I looked at what GCC does with the naive calculation when compiling to AVR
assembler (as used by Arduino microcontrollers) and it came up with something
much slower than this even with -O2
. So if you need a high-performance leap
year calculation on an Arduino for some reason then maybe this’ll be what you
need.
Version 0
A year is a leap year (in the Gregorian calendar) if it is divisible by 4 and is not divisible by 100 unless it is also divisible by 400. So 1996 is a leap year (it’s divisible by 4 and not by 100) as is 2000 (it’s divisible by 4 and 400) but 1900 is not (it’s divisible by 4 and 100 but not 400).
In symbols, where a dvd b
means that a
divides exactly into b
:
isLeapYear y == 4 dvd y ∧ (¬ 100 dvd y ∨ 400 dvd y)
Version 1
It’s pretty easy for a computer to tell whether an integer is divisible by a
power of two since this only needs bitwise operations. For instance y
is
divisible by 4 iff its last two bits are zero, i.e. y & 3 == 0
. Checking for
divisibility by 100 and 400 isn’t so easy however.
It’s hopefully clear that y
is a multiple of 100 iff it is a multiple of 4
and of 25, since 4 and 25 are coprime and their product is 100. Similarly y
is a multiple of 400 iff it is a multiple of 16 and of 25. This helps because
rather than needing to calculate divisibility by 4, 100 and 400 it reduces the
problem to needing to calculate divisibility by 4, 16 and 25, only one of which
isn’t a power of two.
Naively substituting into the definition above gives a rather complicated formula which pleasingly simplifies to either of these:
isLeapYear y == 16 dvd y ∨ (4 dvd y ∧ ¬ 25 dvd y)
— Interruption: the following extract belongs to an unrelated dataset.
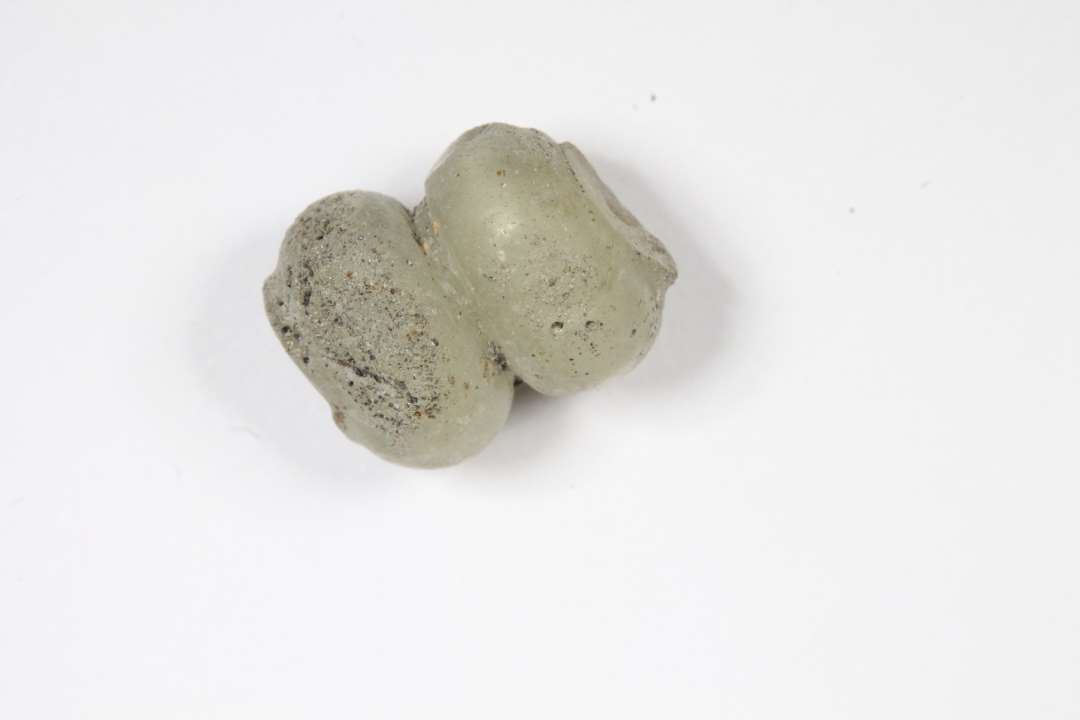 Segmenteret, halvgennemsigtig, hvidgr�, folieret? 2 segmenter. L�ngde: 1,1 cm.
== 4 dvd y ∧ (16 dvd y ∨ ¬ 25 dvd y)
It’s not clear which one of these is better. I think the first one can be
implemented with fewer instructions since 16 dvd y
is implemented with a
bitmask as y & 15 == 0
and if that test fails then you can compute
divisibility by 4 using the intermediate value, i.e. (y & 15) & 3 == 0
saving
a second load of y
. On the other hand this involves more checks, on average,
since most numbers aren’t divisible by 16.
Version 2
Computers typically use fixed-width (i.e. bounded) integers for calculations.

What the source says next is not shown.